Material for this task:
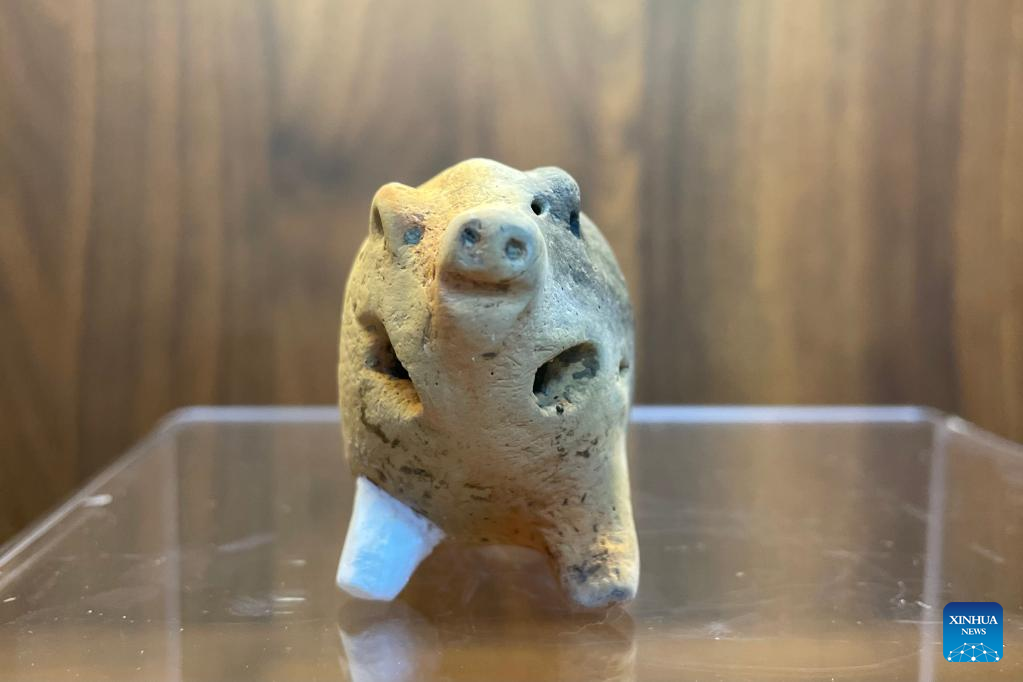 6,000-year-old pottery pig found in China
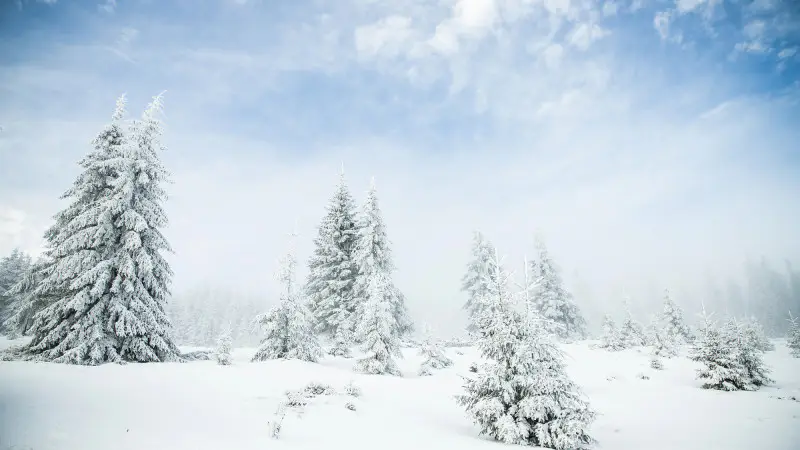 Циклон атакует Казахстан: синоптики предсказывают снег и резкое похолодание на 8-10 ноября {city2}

...

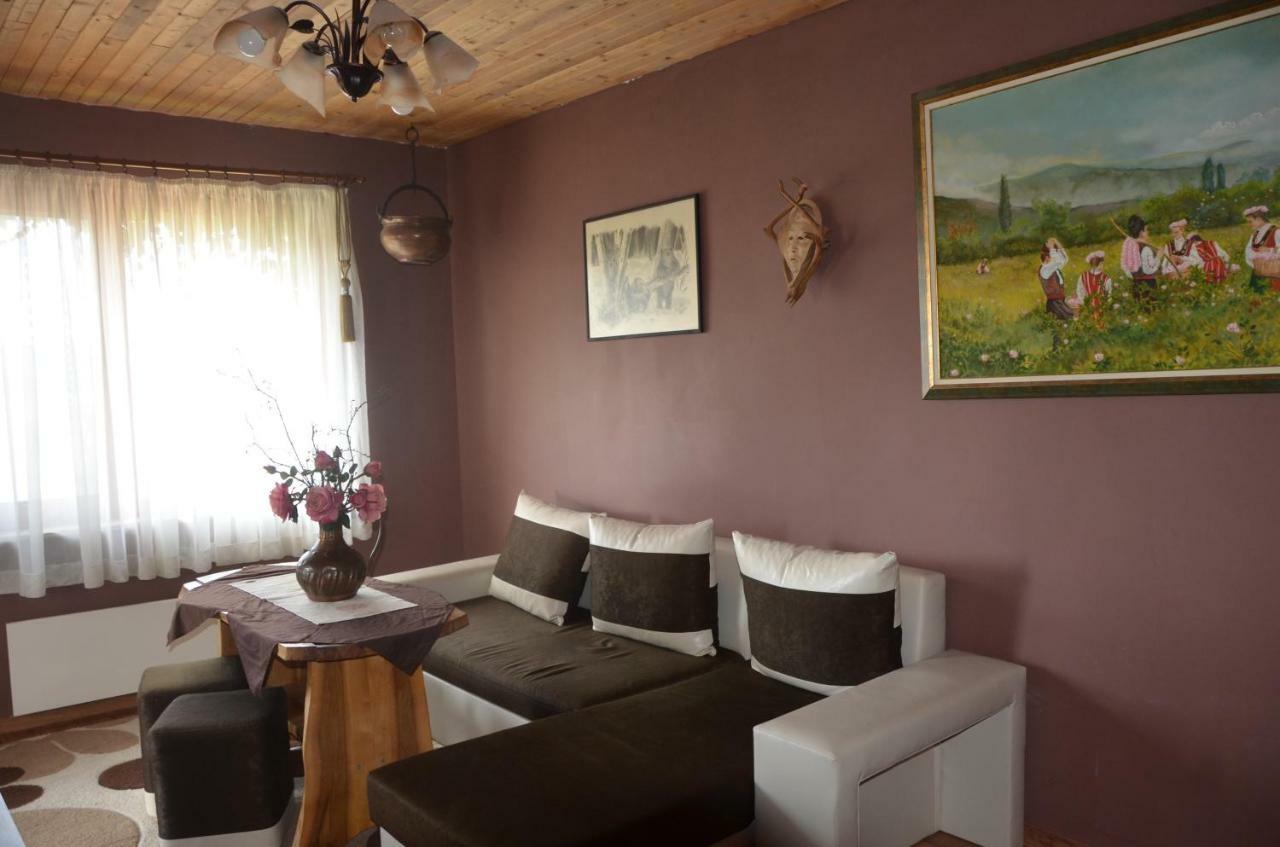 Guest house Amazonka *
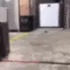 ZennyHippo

The task: Starting with the line that has "6,000-year-old pottery pig found in China" and going on through the line that has "Циклон атакует Казахстан: синоптики", transcribe the records above exactly, but skip the pictures.

Output of the exercise:
 6,000-year-old pottery pig found in China
 Циклон атакует Казахстан: синоптики предсказывают снег и резкое похолодание на 8-10 ноября {city2}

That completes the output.